But the association’s inextricable bond to the beloved actor and comedian seemed certain to hang over the six-hour primetime TV production.

"I don’t know if it’s going to be the same," said Denise Miller, 49, of Bloomingdale, N.J., a longtime donor who said she has watched the telethon since she was a teenager, but now wonders why Lewis and the organization parted ways.

The MDA announced in August that the 85-year-old showbiz veteran would not take part in the annual telethon and was no longer the organization’s chairman. But despite intense curiosity and some criticism, neither the MDA nor Lewis have explained why their association of about six decades came to an end.

Lewis, who’s appeared in scores of films and TV shows as well as produced, directed and taught film, had been chairman of the MDA since the early 1950s, before the famed telethon began.

In 1977, Lewis was nominated for a Nobel Peace Prize for his work with the telethon and the MDA.

Miller said she still plans to tune in and donate because she wants to support the children — a value she says she learned from Lewis.

"He provided the reason for me to believe that my money is going to a good cause," she said. "I’m not going to turn my back on the cause of what he’s built because it is, to me, valuable… But I want to see him."

The telethon to be staged at a Las Vegas hotel-casino was shortened to six hours from 21½ hours last year. It will be broadcast live to the Eastern time zone from 6 p.m.-12 a.m. EDT and tape-delayed in other U.S. zones. Final donation totals won’t be tallied until the show goes off the air in Hawaii.

Rumors flew among those close to the telethon in recent weeks that Lewis might perform the show’s final number, singing "You’ll Never Walk Alone" one final time. But Lewis publicist Candi Cazau said he never agreed to any appearance — recorded or live — after the MDA announced he wouldn’t take part in the show.

Lewis told a group of television critics just before the MDA announced the split that he would explain everything after the telethon, hinting that he plans to still raise money for muscular dystrophy work. But no news conference is scheduled, Cazau said.

MDA spokesman Jim Brown declined to say whether Lewis would even be mentioned during the show.

Still, the charity could have a tribute segment up its sleeve, and the spontaneity of live television means it’s entirely possible someone could mention Lewis during the broadcast.

Just don’t expect to see Lewis himself, Cazau said.

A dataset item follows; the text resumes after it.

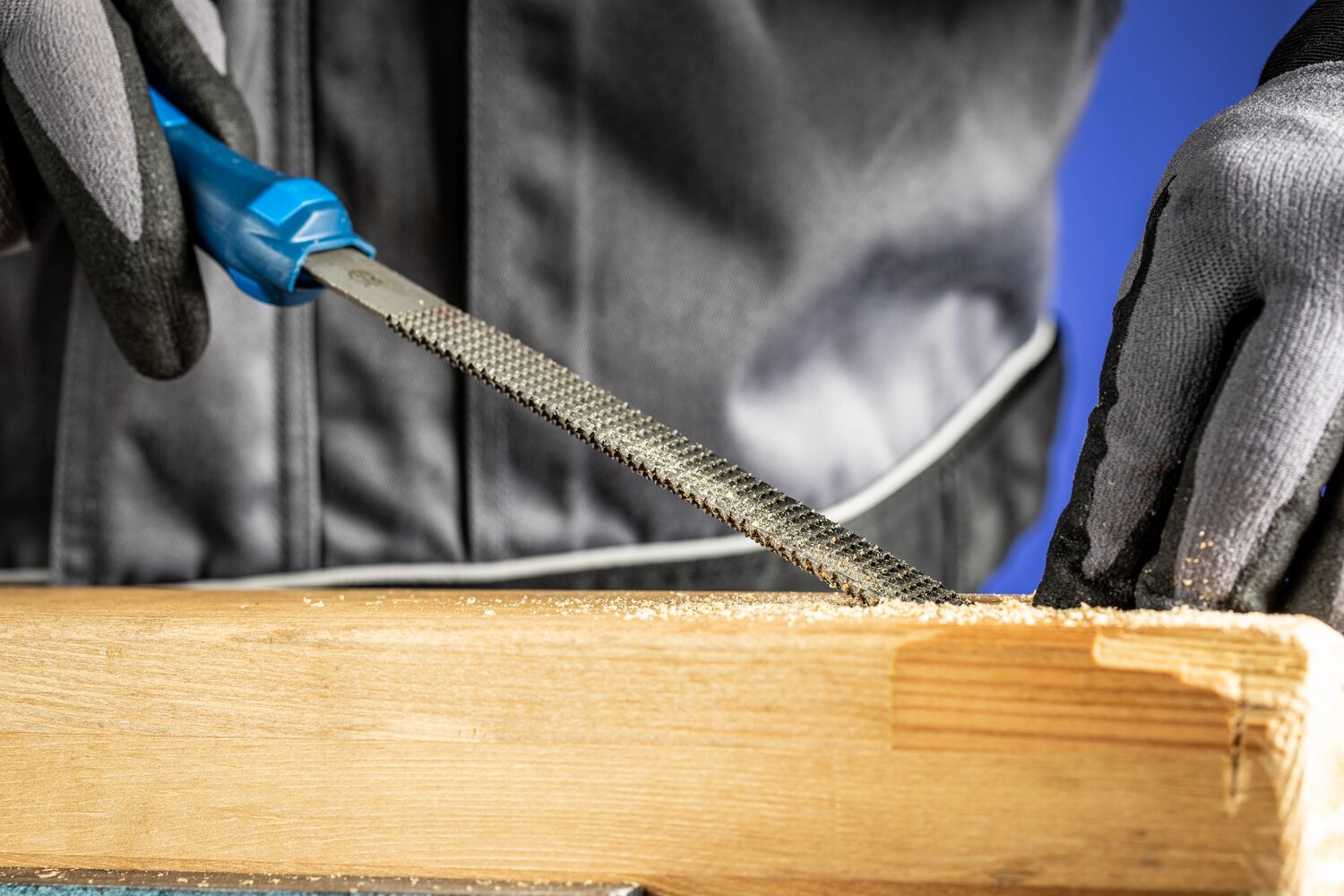 Wood rasp tanged half-round pointed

"He won’t show up," she said.

Several celebrities planned to appear in the show, with Celine Dion performing during the opening hour and Jennifer Lopez, Lady Antebellum and Boyz II Men making appearances. Taking over from Lewis as the show’s host will be a quartet of stars, including "American Idol" executive producer Nigel Lythgoe, Alison Sweeney of "The Biggest Loser," and entertainment journalists Nancy O’Dell and Jann Carl.

Instead of Lewis’ rendition of "You’ll Never Walk Alone," the finale was expected to include Jordin Sparks, Richie Sambora and Jon Secada, among others, singing along with 70 children from a Las Vegas choir.

Other entertainers have rushed to defend Lewis and condemn those performing in the show, including a group of comedians in Los Angeles who pushed to get Lewis reinstated. Laugh factory owner Jamie Masada said Friday that comedians would hold a Web-athon on Monday to collect proceeds for an award named for Jerry Lewis, to be given annually to top scientists working to cure muscular dystrophy.

During Wednesday night’s "Late Show with David Letterman," bandleader Paul Shaffer said Lewis’ absence seems hard to believe.

"I don’t know how a performer could go on the thing, myself," Shaffer said. "If I were going to be on it and I heard this — that Jerry isn’t even going to be there — I would not go on it. I think it’s insane."

Lewis raised $1.66 billion for the telethon since it started in 1966 from a single station in New York City. It is scheduled to air this year on more than 150 stations across the nation.

Shaffer told Letterman he had "bomb-sniffing dogs" in Las Vegas trying to find out what went wrong between Lewis and the MDA. Many viewers, including Miller, also want answers.

"If he was asked to leave … if there were something wrong, I would be totally devastated myself as a fan and a viewer, because that’s what I associate," she said. "It’s Jerry, MDA and the kids. Period."